Главная тема «душа и время» отразилась как в зеркалах во всех стихах сборника, большинство из которых — философская лирика, в которую вплетены любовные сцены, пейзажи, публицистические реплики, дневниковые фрагменты, воспоминания, милые подробности частной жизни.

Настроение сборника элегично. Его задают ностальгические зарисовки и сетования на быстротечность жизни («спешу … к финишу, верней, к неброской переправе…»), а также названия стихов: «Шотландское кладбище», «Одиночество», «Осень в библиотеке». При этом поэт идет как по канату между пафосом и скепсисом, его исповедальность — благородна и сдержанна, образы импрессионистичны и всегда свежи. Никакой расхристанности, удивительный вкус и чувство меры и всегда «фирменная» — «новизна в каноне», которой он добивается в поэтике. «Я стоял за лирику как умел, став ее поверженным знаменосцем…» — признается автор.
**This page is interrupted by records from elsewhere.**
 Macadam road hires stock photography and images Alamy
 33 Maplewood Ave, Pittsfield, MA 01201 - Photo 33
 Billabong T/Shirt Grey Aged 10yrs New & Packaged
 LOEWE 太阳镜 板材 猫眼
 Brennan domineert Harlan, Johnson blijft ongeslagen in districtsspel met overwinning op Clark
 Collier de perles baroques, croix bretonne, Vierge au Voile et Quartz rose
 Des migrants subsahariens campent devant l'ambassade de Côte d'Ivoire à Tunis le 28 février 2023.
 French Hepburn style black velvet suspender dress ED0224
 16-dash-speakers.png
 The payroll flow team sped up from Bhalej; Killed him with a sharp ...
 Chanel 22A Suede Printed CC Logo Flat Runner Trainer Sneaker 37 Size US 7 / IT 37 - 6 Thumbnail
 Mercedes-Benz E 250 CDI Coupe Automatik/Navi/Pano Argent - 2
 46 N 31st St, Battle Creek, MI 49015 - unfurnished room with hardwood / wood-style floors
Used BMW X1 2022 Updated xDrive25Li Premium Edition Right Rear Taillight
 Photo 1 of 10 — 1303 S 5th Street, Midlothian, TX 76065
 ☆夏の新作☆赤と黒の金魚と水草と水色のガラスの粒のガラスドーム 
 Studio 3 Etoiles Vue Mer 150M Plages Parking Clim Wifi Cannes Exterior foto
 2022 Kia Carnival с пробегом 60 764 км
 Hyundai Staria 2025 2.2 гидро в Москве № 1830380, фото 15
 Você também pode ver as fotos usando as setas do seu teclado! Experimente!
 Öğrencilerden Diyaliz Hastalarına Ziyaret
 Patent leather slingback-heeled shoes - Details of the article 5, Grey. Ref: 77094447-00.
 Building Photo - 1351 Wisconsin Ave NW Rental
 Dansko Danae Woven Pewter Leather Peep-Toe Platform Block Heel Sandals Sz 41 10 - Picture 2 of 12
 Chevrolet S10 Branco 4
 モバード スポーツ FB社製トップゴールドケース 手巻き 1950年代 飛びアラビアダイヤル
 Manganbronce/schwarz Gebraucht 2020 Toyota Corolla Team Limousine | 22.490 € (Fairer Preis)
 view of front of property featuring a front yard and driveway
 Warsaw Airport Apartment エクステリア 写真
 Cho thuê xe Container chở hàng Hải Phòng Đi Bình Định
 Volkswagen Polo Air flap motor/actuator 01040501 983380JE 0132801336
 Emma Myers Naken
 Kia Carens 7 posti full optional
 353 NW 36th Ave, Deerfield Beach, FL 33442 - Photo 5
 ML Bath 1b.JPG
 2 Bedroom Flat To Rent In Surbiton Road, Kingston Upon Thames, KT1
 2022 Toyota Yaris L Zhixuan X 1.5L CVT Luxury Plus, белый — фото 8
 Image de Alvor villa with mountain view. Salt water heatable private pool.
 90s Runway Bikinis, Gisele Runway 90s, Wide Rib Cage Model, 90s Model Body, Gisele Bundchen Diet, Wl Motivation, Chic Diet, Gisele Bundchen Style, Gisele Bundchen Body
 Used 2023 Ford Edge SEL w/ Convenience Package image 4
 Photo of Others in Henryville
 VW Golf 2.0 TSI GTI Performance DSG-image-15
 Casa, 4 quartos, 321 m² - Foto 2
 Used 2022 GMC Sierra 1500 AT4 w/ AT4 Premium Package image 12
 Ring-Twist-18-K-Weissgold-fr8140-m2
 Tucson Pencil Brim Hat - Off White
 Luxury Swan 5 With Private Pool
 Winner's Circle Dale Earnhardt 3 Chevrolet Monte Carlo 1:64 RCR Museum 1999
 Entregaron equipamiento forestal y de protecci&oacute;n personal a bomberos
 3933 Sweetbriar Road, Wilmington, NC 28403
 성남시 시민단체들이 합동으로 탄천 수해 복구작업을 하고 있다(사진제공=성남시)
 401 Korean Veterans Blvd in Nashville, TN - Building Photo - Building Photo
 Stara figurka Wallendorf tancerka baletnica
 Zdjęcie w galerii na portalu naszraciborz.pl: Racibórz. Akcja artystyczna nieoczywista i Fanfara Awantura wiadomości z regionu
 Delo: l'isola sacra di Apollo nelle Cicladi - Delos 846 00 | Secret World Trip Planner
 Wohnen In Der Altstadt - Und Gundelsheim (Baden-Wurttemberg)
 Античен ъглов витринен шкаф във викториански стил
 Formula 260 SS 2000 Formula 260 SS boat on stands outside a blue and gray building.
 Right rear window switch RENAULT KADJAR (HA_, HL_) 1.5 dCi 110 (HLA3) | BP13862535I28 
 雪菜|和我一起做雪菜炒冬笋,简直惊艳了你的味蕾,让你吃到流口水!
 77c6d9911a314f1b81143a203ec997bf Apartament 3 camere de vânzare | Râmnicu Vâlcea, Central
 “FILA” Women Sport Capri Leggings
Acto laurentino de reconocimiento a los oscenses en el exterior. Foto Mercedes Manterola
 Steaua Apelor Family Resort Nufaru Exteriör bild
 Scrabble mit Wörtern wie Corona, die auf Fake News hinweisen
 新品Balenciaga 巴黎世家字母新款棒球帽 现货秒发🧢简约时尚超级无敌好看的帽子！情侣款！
Новая книга включила как недавние, так и прежние стихи — уже известные тексты. Несмотря на то, что это «собранье пестрых глав», она воспринимается очень целостной. Ее общее настроение — тихая радость, светлая грусть, предчувствие «будущих странствий», доверие небу. Прочитав «Неисправные времена», каждый непременно захочет открыть и другие книги Юрия Кублановского — «Возвращение», «Чужбинное», «Дольше календаря», «Перекличка», «Изборник». Это поэзия, с которой не хочется расставаться.